Shouldn't the Yankees have been in on this? Or have they just been too traumatized by their Japanese pitchers ...
- The Oakland Athletics have won the right to negotiate with Japanese pitcher Hisashi Iwakuma, Major League Baseball announced Monday.The Athletics submitted the highest bid and now have 30 days to sign sign Iwakuma, a 29-year-old right-hander from the Tohoku Rakuten Golden Eagles of Japan's Pacific League, to a major- or minor-league contract.--snip--The Seattle Mariners and Texas Rangers also submitted bids for the rights to negotiate with Iwakuma, according to published reports.
Was it only the Mariners and the Rangers who joined the Athletics in submitting bids?
If so, two obvious questions come to mind:
Did the A's know the Rangers and M's submitted bids?
Did the A's submit their bid with the intention of blocking the Rangers and M's?
As near as I can tell, there's absolutely nothing to prevent a team from submitting the highest bid -- that is, offer of a posting fee -- and then making an offer to the player so low that it will almost certainly be declined. The posting fee isn't paid unless the player is actually signed; otherwise the player simply returns to his Japanese team and no money changes hands.
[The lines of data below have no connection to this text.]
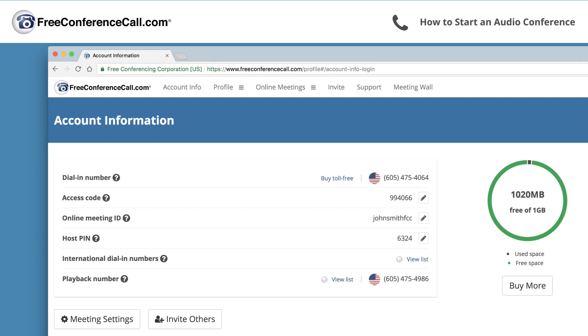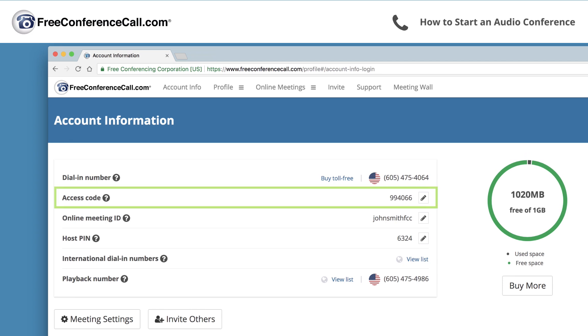Hosts and participants can call the conference dial-in number and enter the access code, followed by the pound or hash key.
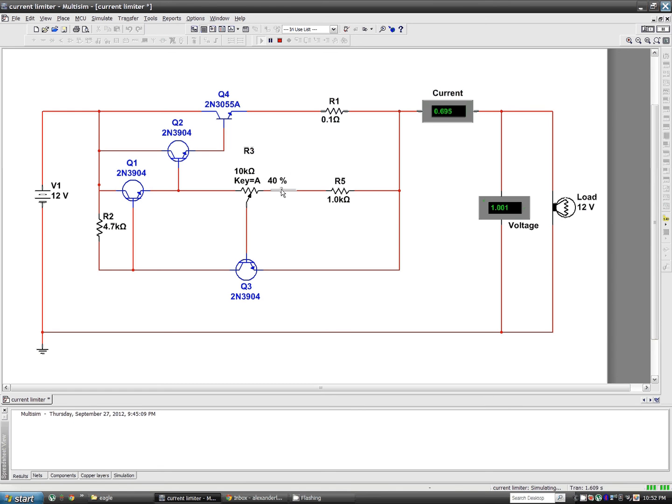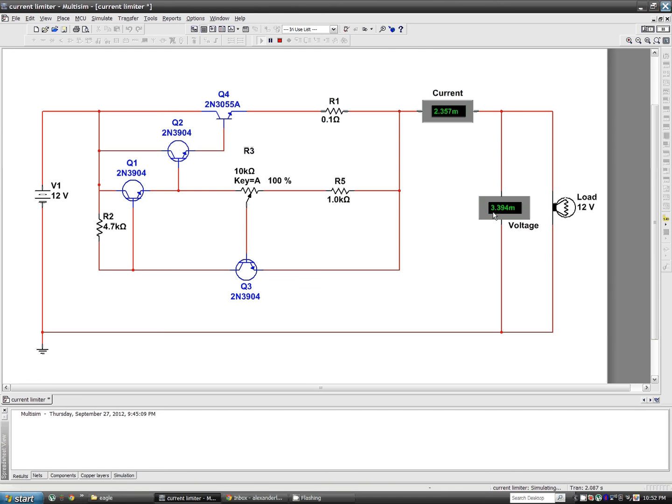If I go all the way to the bottom of the pot, turning it completely down, we've got 2.3 mA, the bulb's completely off and we're only passing 3.39 volts.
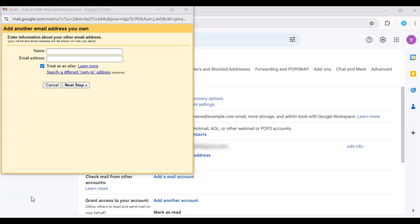In the next step, Gmail will ask you for the SMTP server settings. For the SMTP server, enter smtp.sendgrid.net. The username will be API key and the password will be your SendGrid API key.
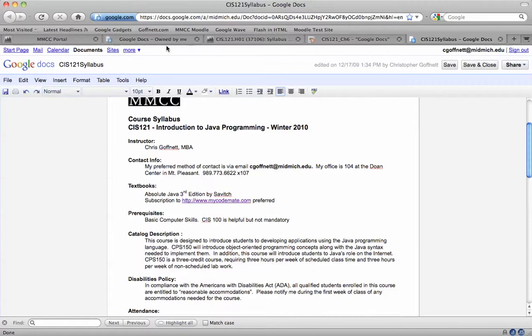If you want more information on how to link your syllabus from Google Docs into your Moodle shell, please get a hold of me and I can show you how to do that.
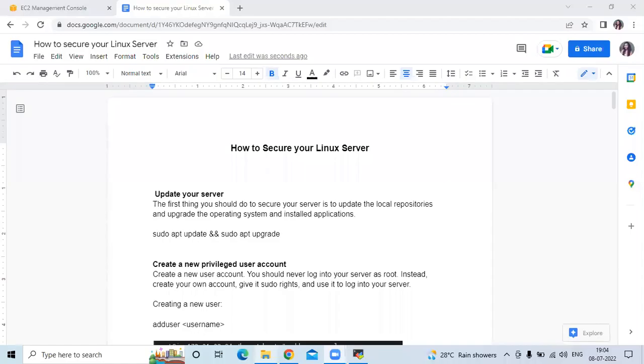Hello friends, welcome back to DevOpsint. In this video, we are going to learn how to secure your Linux server. So let's start.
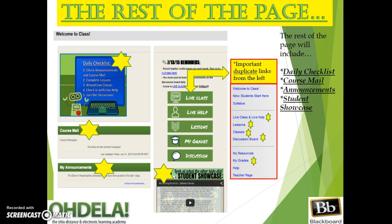To the right of your direct links in the gray, you will also see the daily checklist, course mail, my announcements, student showcase, along with duplicate links to those critical areas.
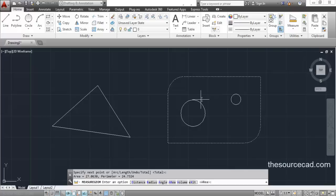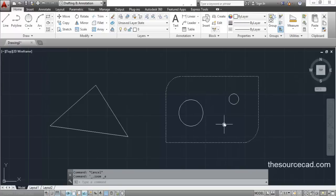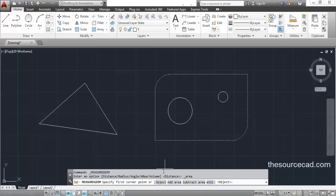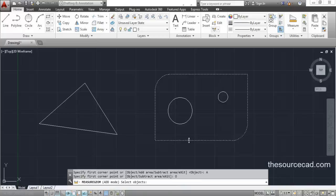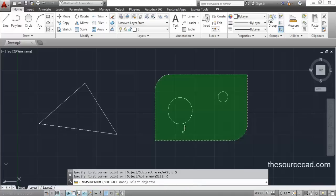Now let's measure the area of an object excluding two circles inside it. Go to the area tool and select Add Area, then select Object and click on the outer polyline object — its full area and perimeter are shown. Now press Enter and go to Subtract mode, select Object, and click on the first circle and then the second circle. The resulting total area, which is the polyline area minus the two circles, is 80.3640 units.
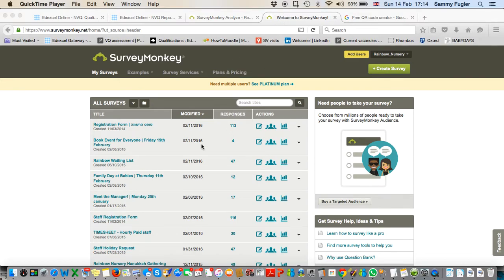Let's have a look at how to create a QR code for a SurveyMonkey link. In fact, this will work for any kind of link.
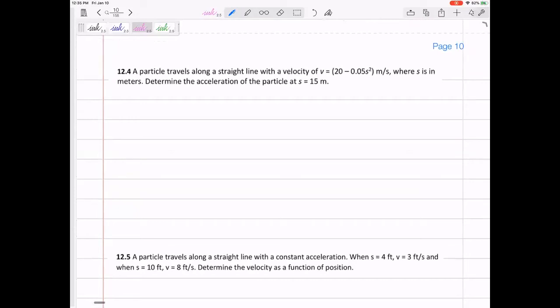A particle travels on a straight line with a velocity of v = 20 - 0.05s². We need to determine the acceleration. First, this is not a constant acceleration problem — if you've got some weird function for velocity, chances are your acceleration is not constant.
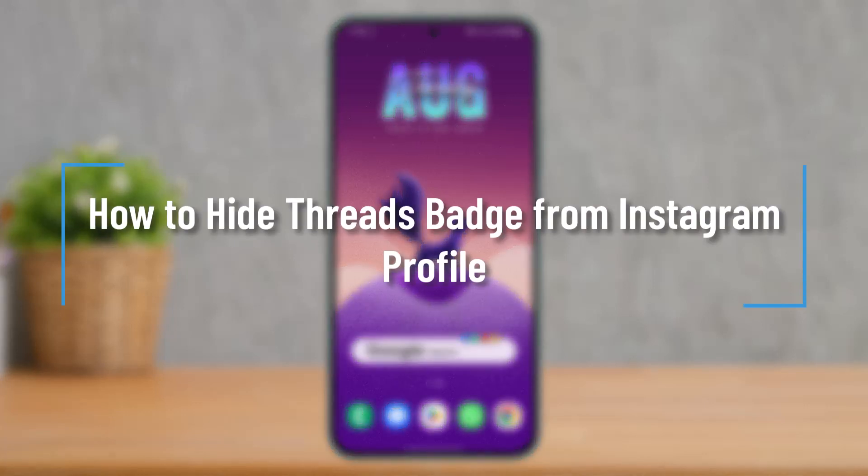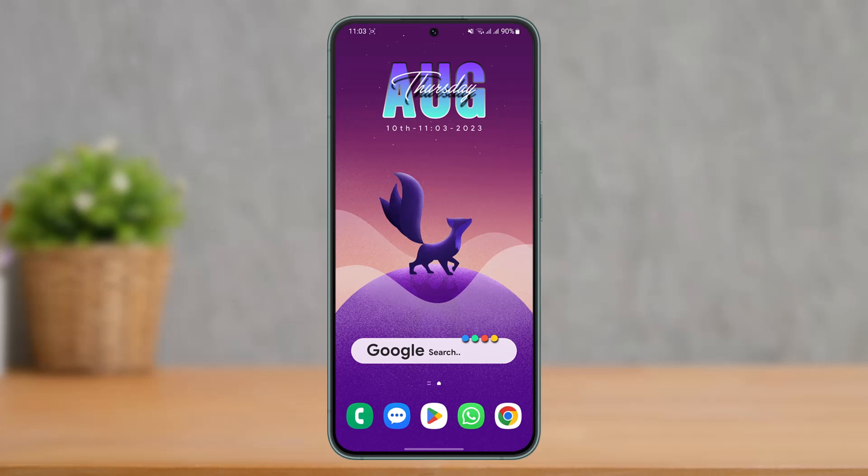How to remove or hide the Threads badge from your Instagram profile. Hi everyone, welcome back to our channel. In today's video, I'll guide you on how you can hide or remove the Threads badge from your Instagram profile, so make sure to watch the video till the end.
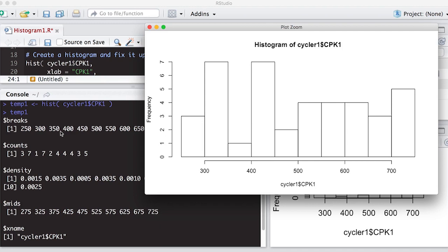And this is really, really handy to have around. So keep that in mind if you ever want to get these counts or want to get the breaks, or you can actually set the breaks as an option in the histogram if you wanted to. We're not going to do that here, but it is an option that you can set.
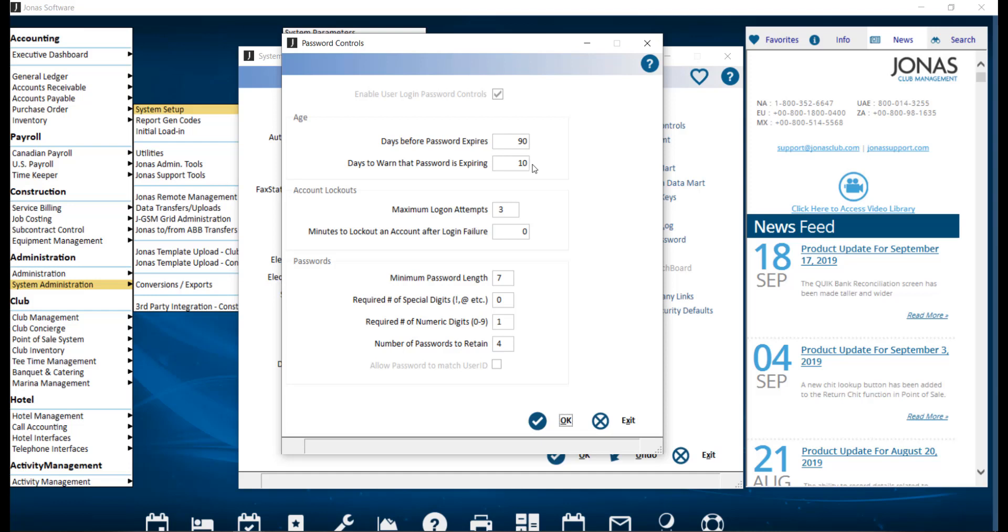Days to warn that password is expiring will indicate when a warning message will appear prior to a password expiring. You can use zero for no warning. Warnings will appear each time the user logs into Jonas until the password is changed.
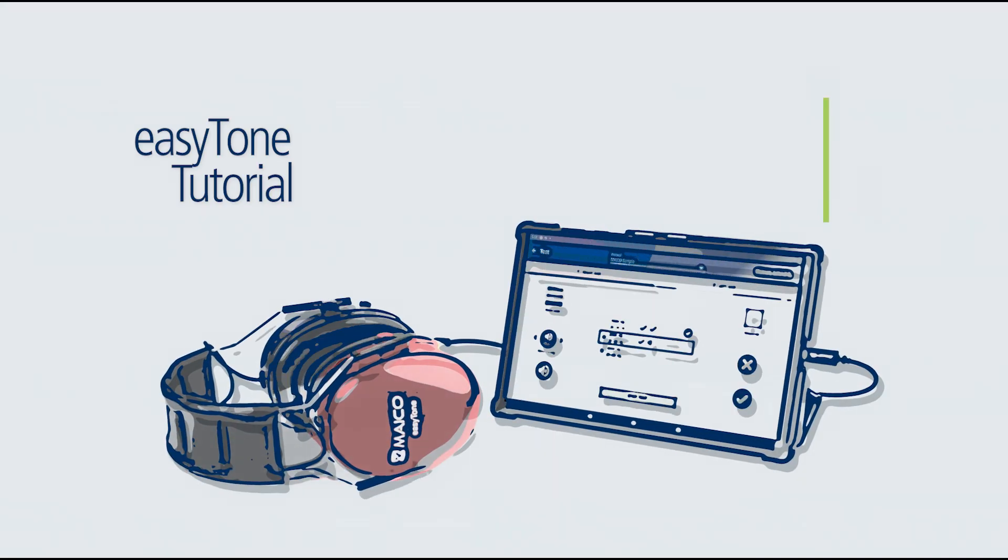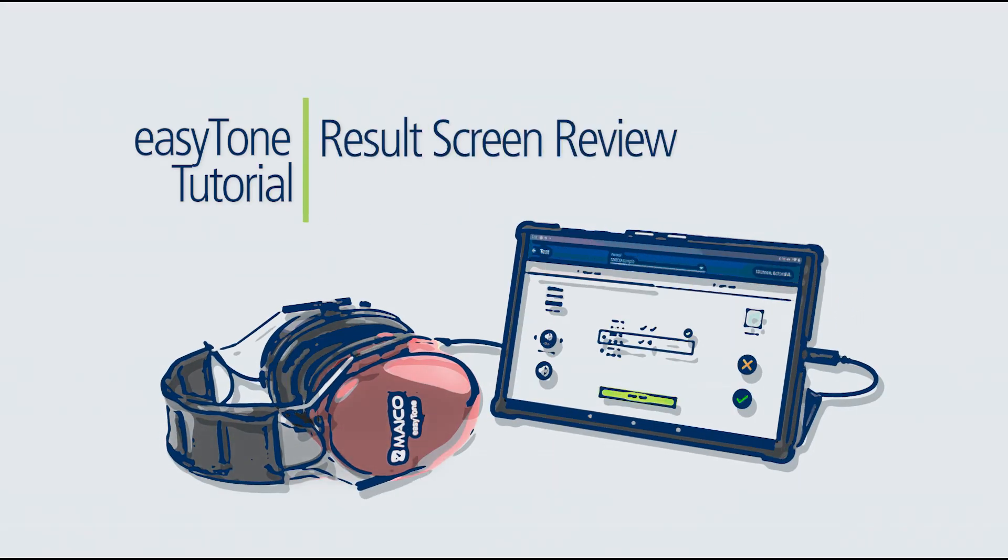This completes the tutorial on result screen operation. Please continue through the tutorial series for additional EZtone instruction.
I don't mean to suggest the A's are doing this. Yes, the A's already seem to have enough pitching, and not nearly enough hitting. Yes, you might think the front office would be more intent upon bolstering the lineup than adding another starter to the rotation. But you have to get the talent where you can find it, and let Billy Beane (and David Forst) sort them out later. Plus, you need five starters and the A's have only four -- with due respect to Vin Mazzaro -- who stir any real excitement. Four good starters is good. Five good starters is great.
If the A's do sign Iwakuma, they're only a Rookie of the Year hitter away from the World Series.
If you believe what just happened on the other side of the Bay, anyway.